From the first line of the entries down to the line with "Tacones Altos de", write out every line exactly; that last line counts, but pictures do not.

****************

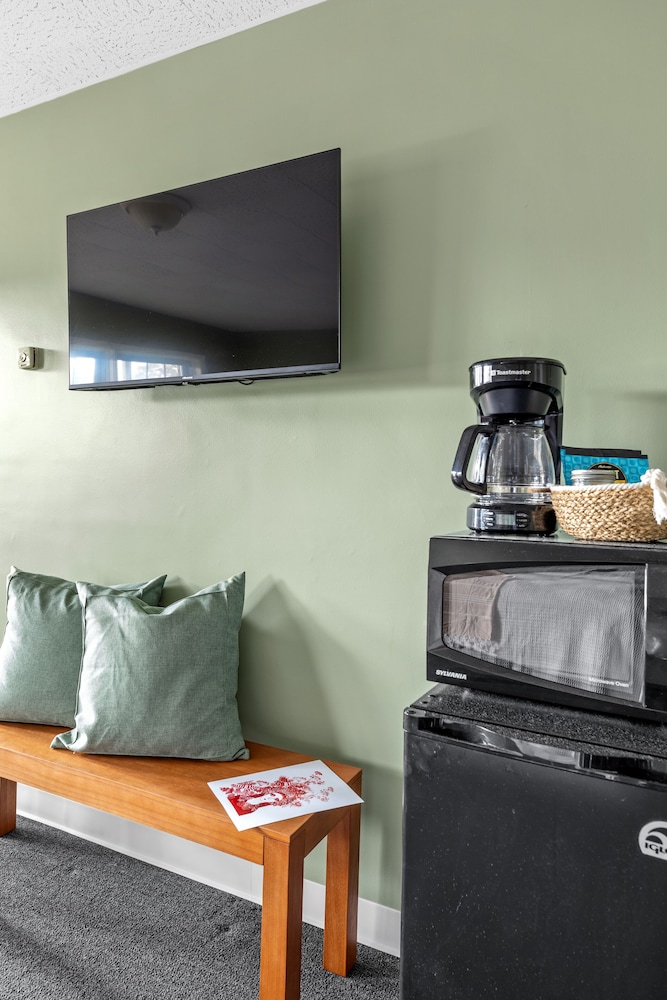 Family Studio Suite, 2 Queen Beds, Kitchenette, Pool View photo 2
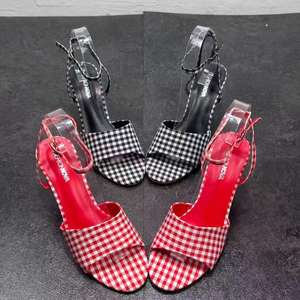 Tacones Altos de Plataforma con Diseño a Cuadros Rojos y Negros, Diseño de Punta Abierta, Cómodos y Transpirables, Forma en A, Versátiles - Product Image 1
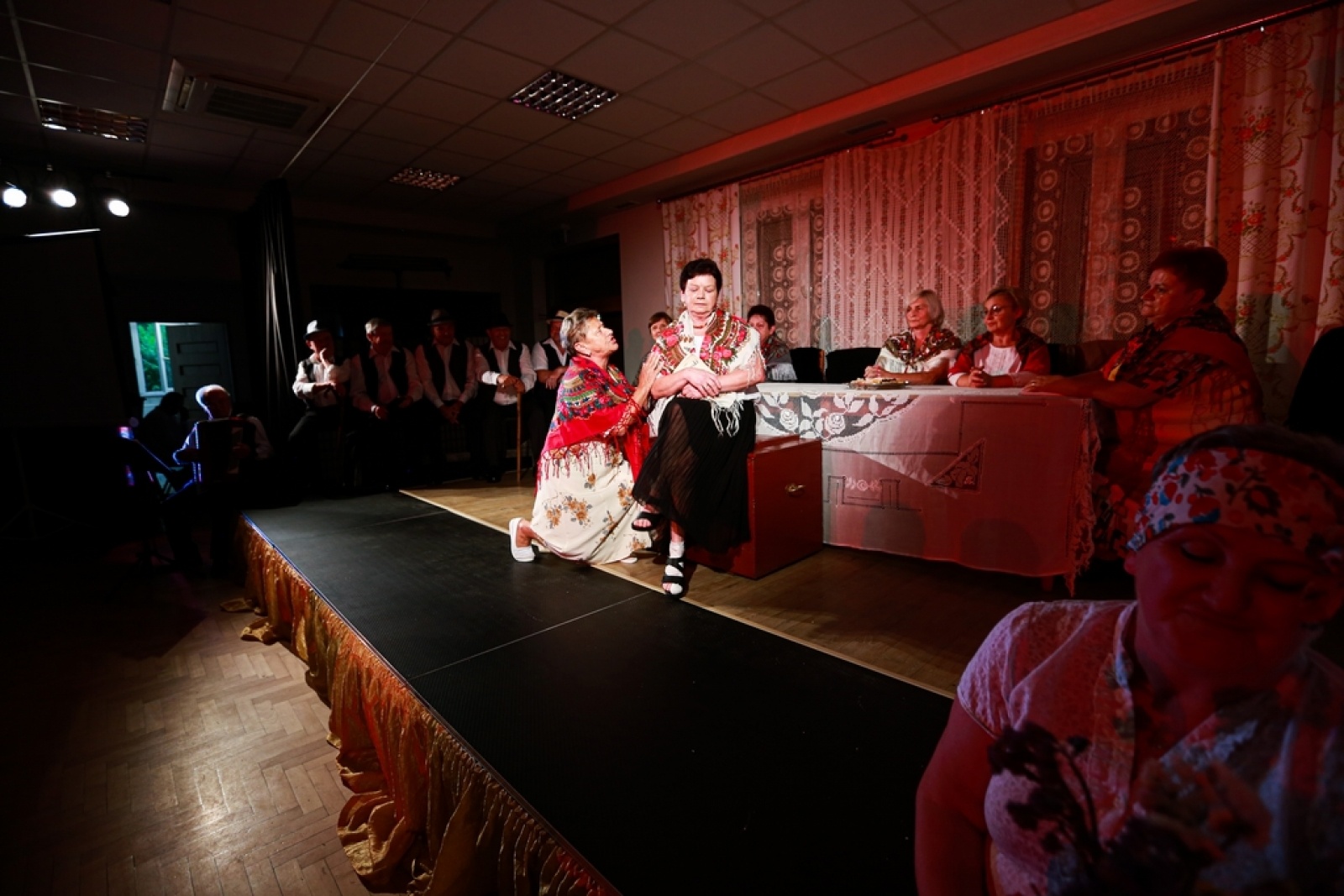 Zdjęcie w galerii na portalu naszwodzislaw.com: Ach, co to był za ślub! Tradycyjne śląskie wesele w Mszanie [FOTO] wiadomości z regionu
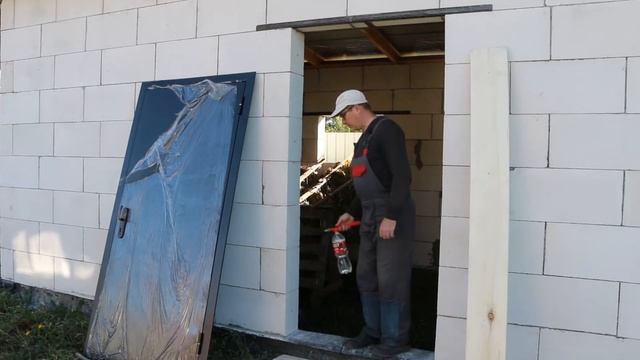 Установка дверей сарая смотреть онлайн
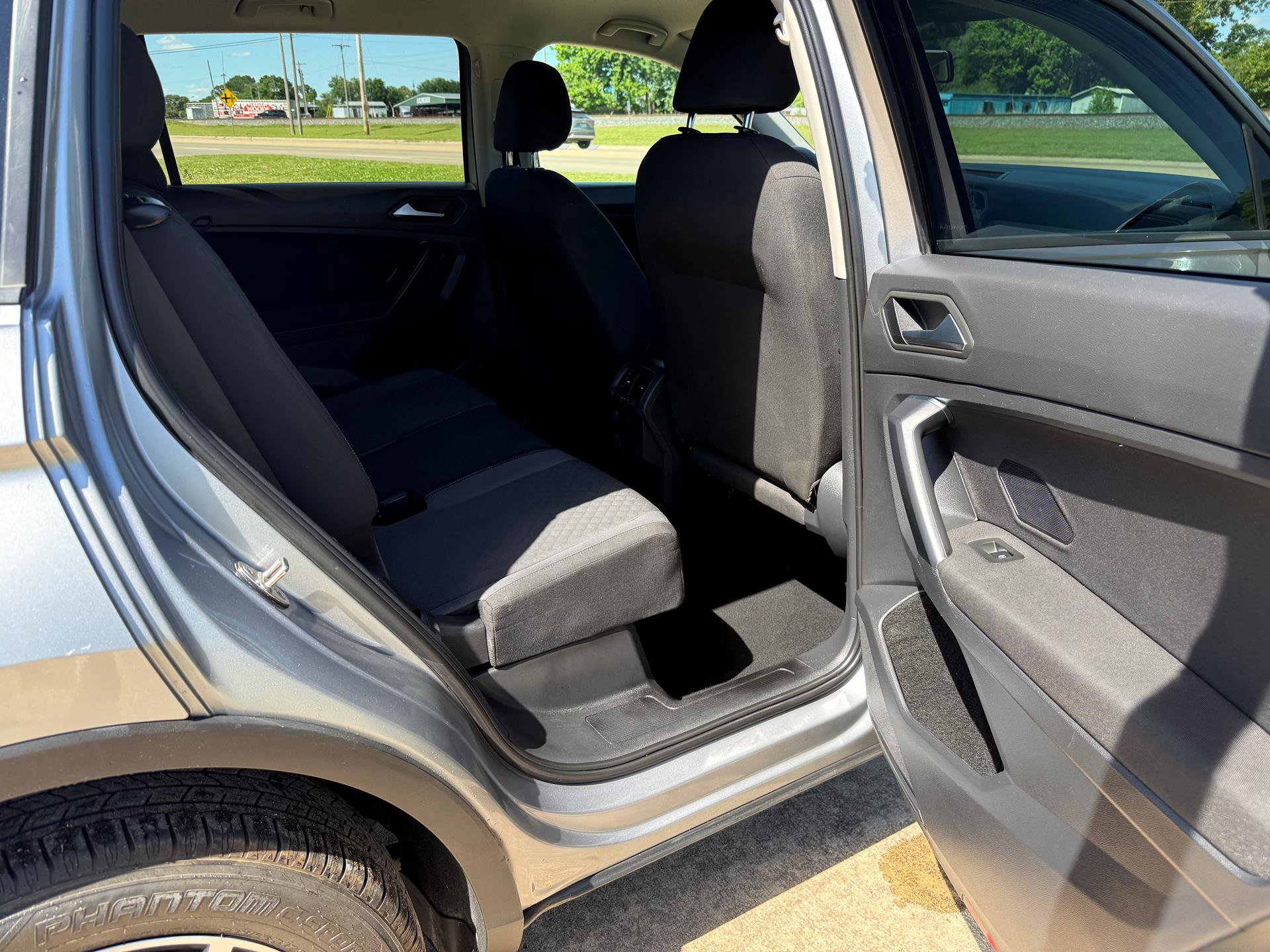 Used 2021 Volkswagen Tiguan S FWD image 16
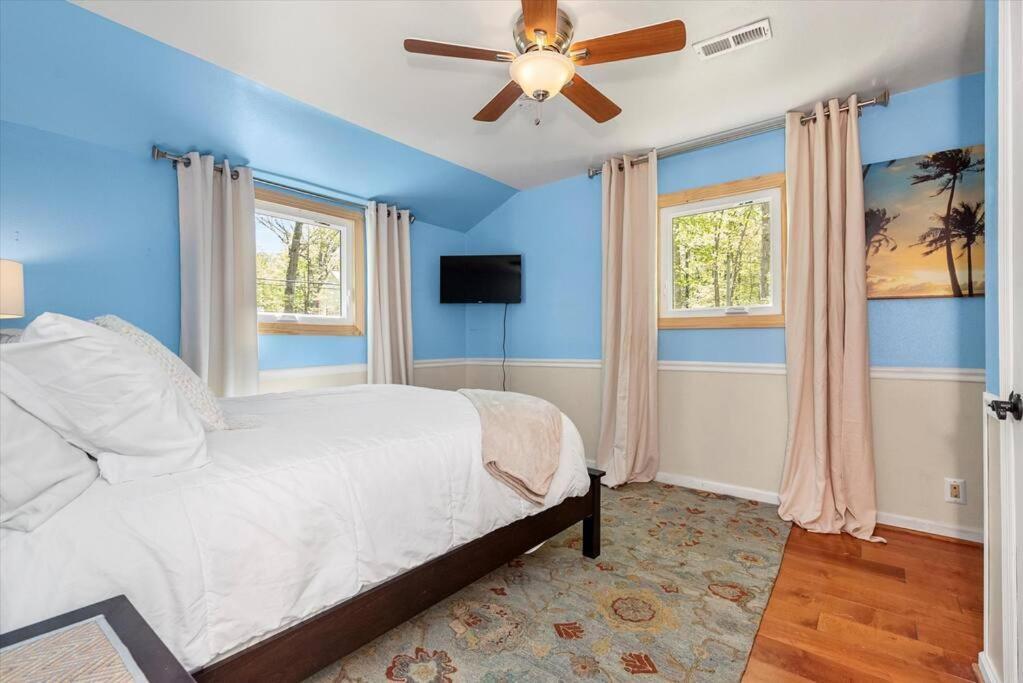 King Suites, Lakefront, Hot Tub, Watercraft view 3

****************

Problem solution.
 Family Studio Suite, 2 Queen Beds, Kitchenette, Pool View photo 2
 Tacones Altos de Plataforma con Diseño a Cuadros Rojos y Negros, Diseño de Punta Abierta, Cómodos y Transpirables, Forma en A, Versátiles - Product Image 1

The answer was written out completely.